The library supports the activities indicated above only if the digital scholarship is a direct use of
library collections (GIS services and 3-D printing are an exception to this).
The Research Service Strategic Initiative is currently developing a formalized data management
support service for all affiliated researchers. Since fall 2014, the Digital Humanities/Digital Scholarship
Strategic Initiative Group has developed and implemented DH learning opportunities, such as the
DH Speaker Series and THATCamp Cincinnati 2015. The Digital Humanities Strategist provides the
library leadership to this group, comprised of 22 interdisciplinary faculty members and students. This
group will shape the new campus-wide DH/DS Collaborative in 2016.
The Studio coordinates with the Office of Outreach and Engagement for many of its collaborations with
community partners.
The support for various projects is unequal across the university. Basic advice is given to all. Some
areas will provide services for free and others will be available for a fee. The amount of support for
digital scholarship is somewhat dependent on grant funding, finding partners, or through center
affiliation. The library, while trying not to duplicate services available elsewhere, is also providing all
digital scholarship services to all constituents at no cost other than personnel. At this time there is not a
charge-back mechanism in place in the libraries for digital scholarship services.
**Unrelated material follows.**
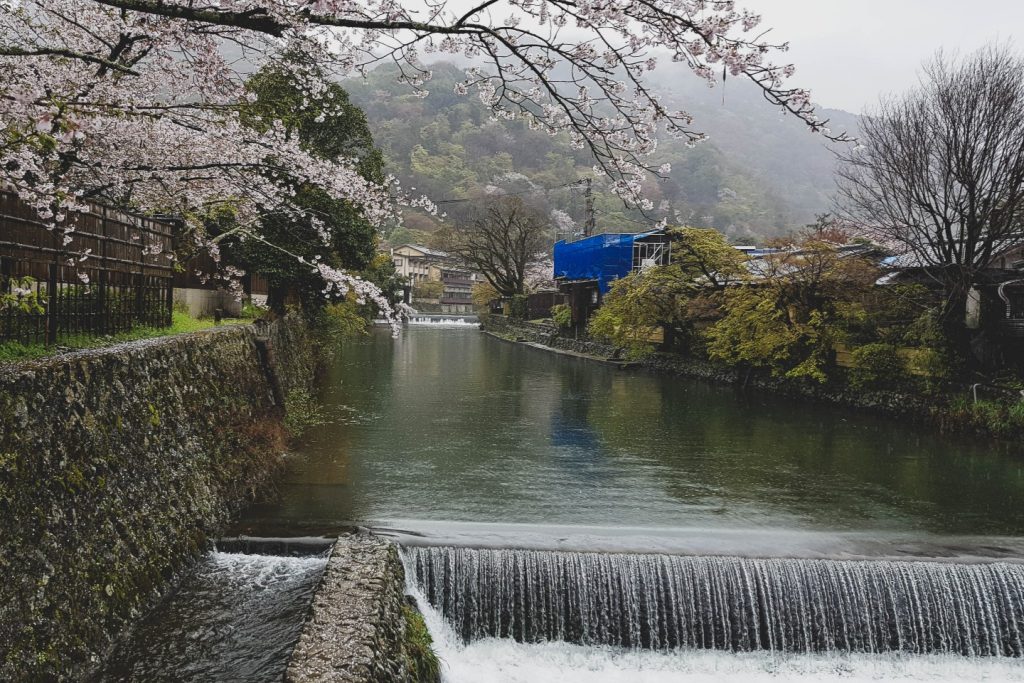 Japan Snow Monkey Hot Springs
The units at our institution responsible for support to faculty (Library, Academic &Research
Technology, Research Computing, College of Arts &Sciences computing &Multimedia Learning
Center) coordinate our projects through monthly meetings. These meetings were started in order to
forge a better understanding of what each unit does as well as coordinate a response to faculty requests
for support.
The University Libraries partners closely with other units on campus to provide support for a broad
range of digital scholarship services. For example, the Libraries partners with LATIS on support for
digital humanities projects and courses.
There are many of the things listed above that we do internally as part of collections we are digitizing,
but would not do as a service for our users. I have answered that we provide support in situations where
we would have a more in-depth discussion or offer services, rather than have a casual conversation.
There is little coordination of marketing of these support services.
University affiliates are the primary audience of these services from the libraries.
We are actively working to develop the infrastructure and consultation capabilities at the library, and
we are doing this in collaboration with a number of groups across campus.
We are in the early stages of enhancing our support. We hired a digital scholarship specialist in
September. She is working on an environmental scan of campus needs part of that scan is a survey
that just closed. Data analysis will begin shortly. We were excited that she got responses from over
70 faculty and grad students in the humanities and social sciences. We will be happy to share results
when available.
We do not have hard and fast policies across all services, especially as costs vary significantly from
one service to another. For instance, we have offered support for unaffiliated scholars to add their
preprints to the IR, because of a relationship with an affiliated faculty member. We have digital projects
(Documenting Ferguson) that allow members of the general to submit content, but we do not typically
offer broad support for digital projects to members of the general public.